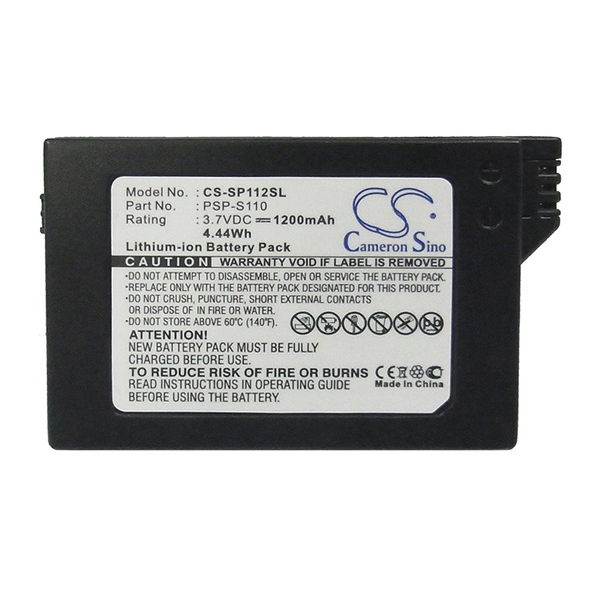 Cameron Sino Li-Ion akku (3.7V/1200mAh, Sony PSP-S110 kompatibilis) FEKETE (CS-SP112SL)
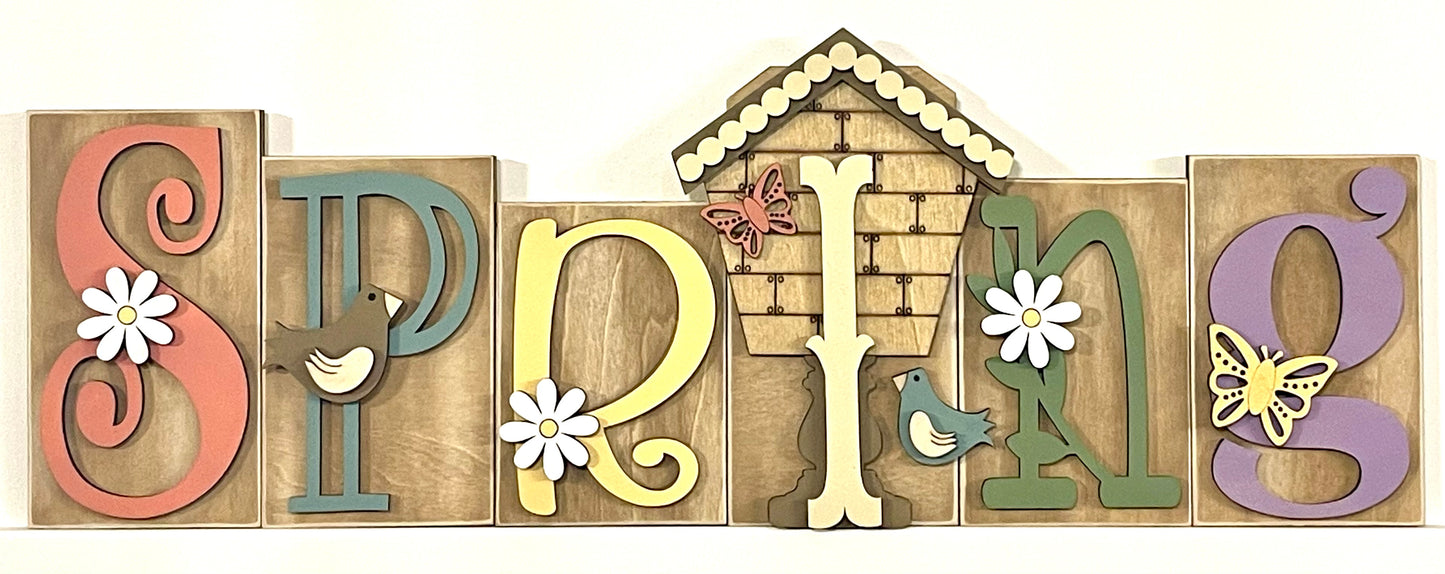 SPRING Sign #1 (Brown)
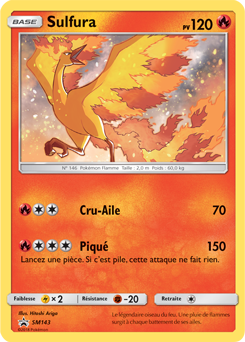 Carte Pokémon Sulfura SM143 de la série Promos Soleil et Lune en vente au meilleur prix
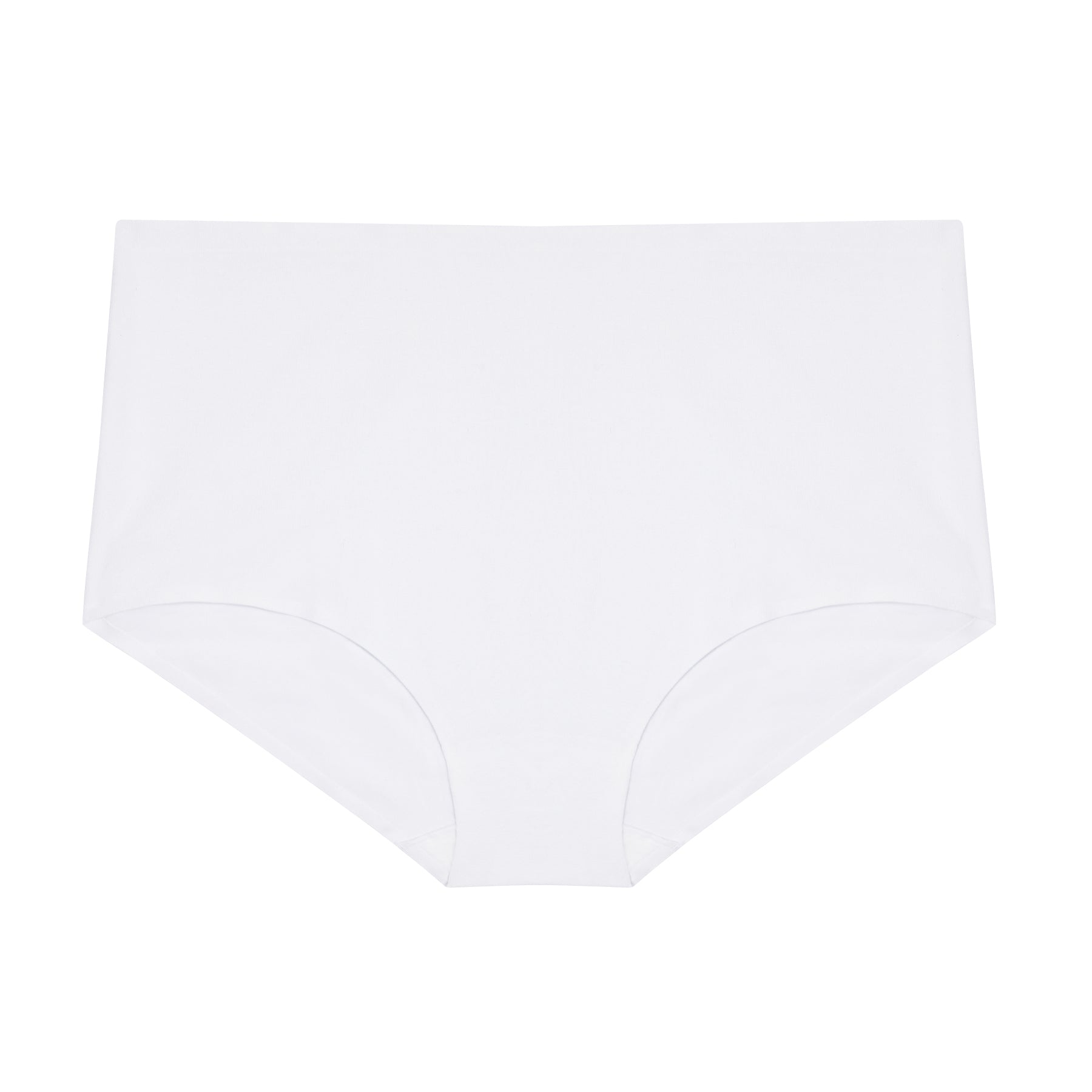 Just One Cotton White High Waisted Panties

━━━━━━━━━━

Problem:
When you transcribe the lines above, keep every word exact but leave the pictures behind.

Exercise solution:
 Cameron Sino Li-Ion akku (3.7V/1200mAh, Sony PSP-S110 kompatibilis) FEKETE (CS-SP112SL)
 SPRING Sign #1 (Brown)
 Carte Pokémon Sulfura SM143 de la série Promos Soleil et Lune en vente au meilleur prix
 Just One Cotton White High Waisted Panties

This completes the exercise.